> _Work to be completed_
Only the lines from the one containing "GEHealthcare-Publication Clinical Value" through the end of the records should be retyped, exactly and including both ends; pictures stay out.

> _Input material_
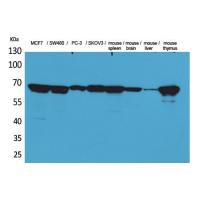 Lamin B1 Polyclonal Antibody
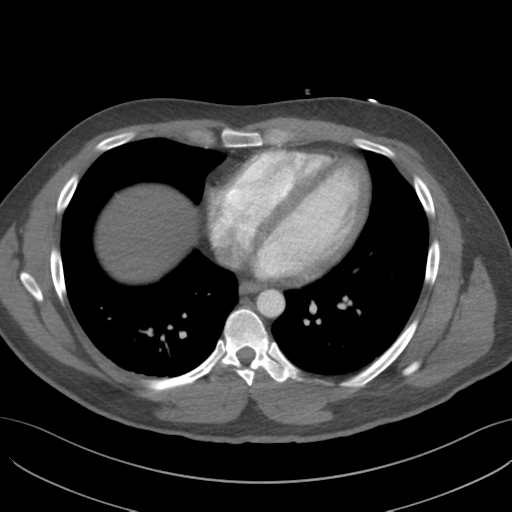 Normal Cta Thorax Non Ecg Gated Image Radiopaedia Org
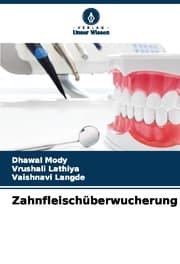 Cover von Zahnfleischüberwucherung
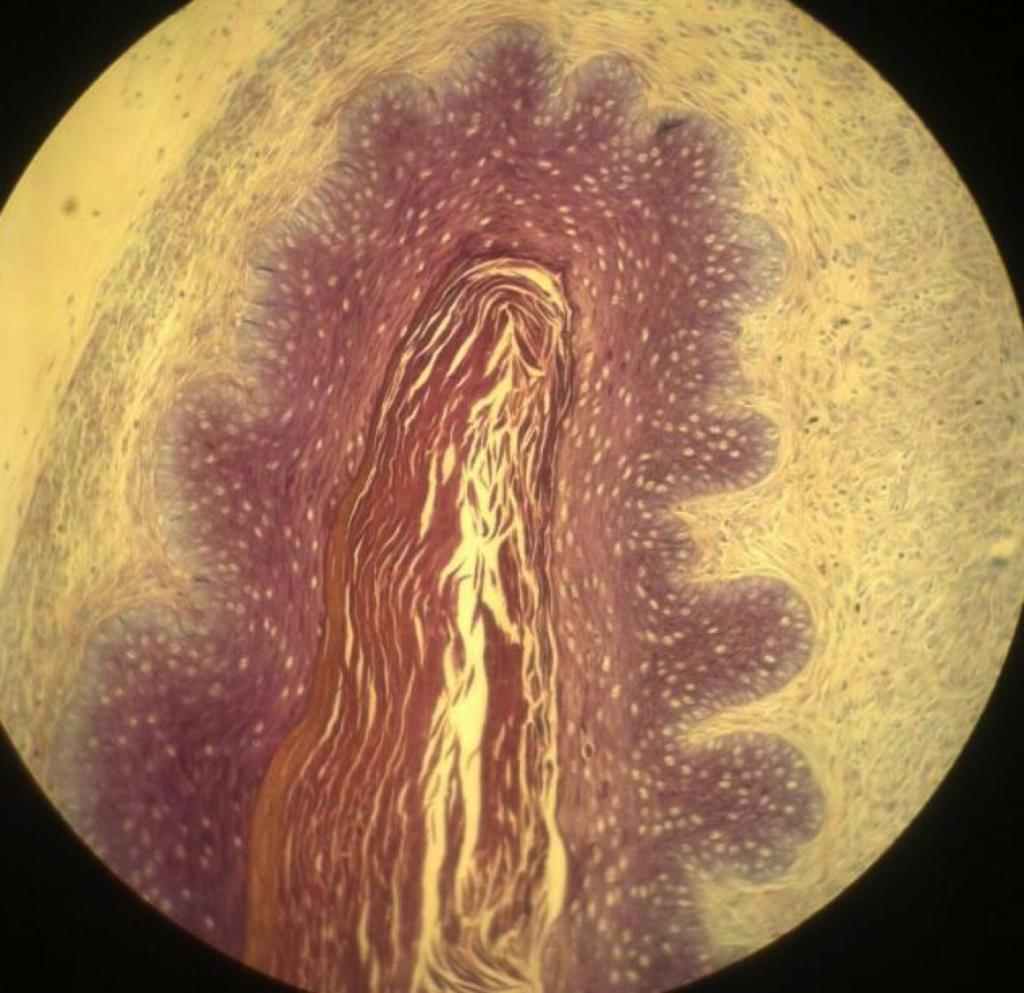 Gardnerella under the microscope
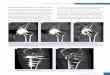 GEHealthcare-Publication Clinical Value Musculoskeletal Imaging Nov 2011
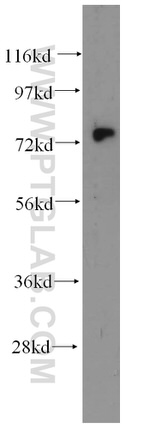 Kv1.2 Antibody in Western Blot (WB)
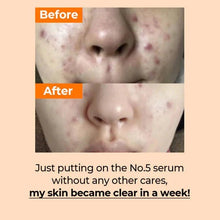 [Numbuzin] No.5 Goodbye Blemish Serum 50ml – Dark Spot Correcting & Brightening Serum – Authentic Korean Skincare in Pakistan - numbuzin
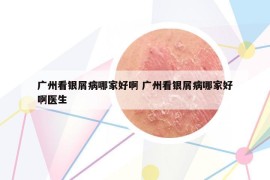 廣州看銀屑病哪家好啊 廣州看銀屑病哪家好啊醫(yī)生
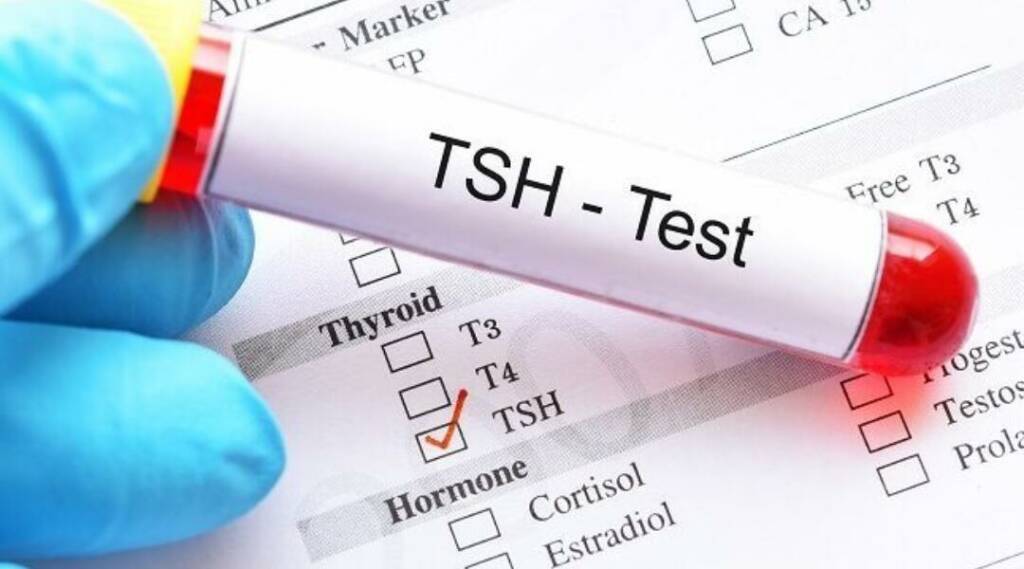 tsh-test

> _Response to this exercise_
 GEHealthcare-Publication Clinical Value Musculoskeletal Imaging Nov 2011
 Kv1.2 Antibody in Western Blot (WB)
 [Numbuzin] No.5 Goodbye Blemish Serum 50ml – Dark Spot Correcting & Brightening Serum – Authentic Korean Skincare in Pakistan - numbuzin
 廣州看銀屑病哪家好啊 廣州看銀屑病哪家好啊醫(yī)生
 tsh-test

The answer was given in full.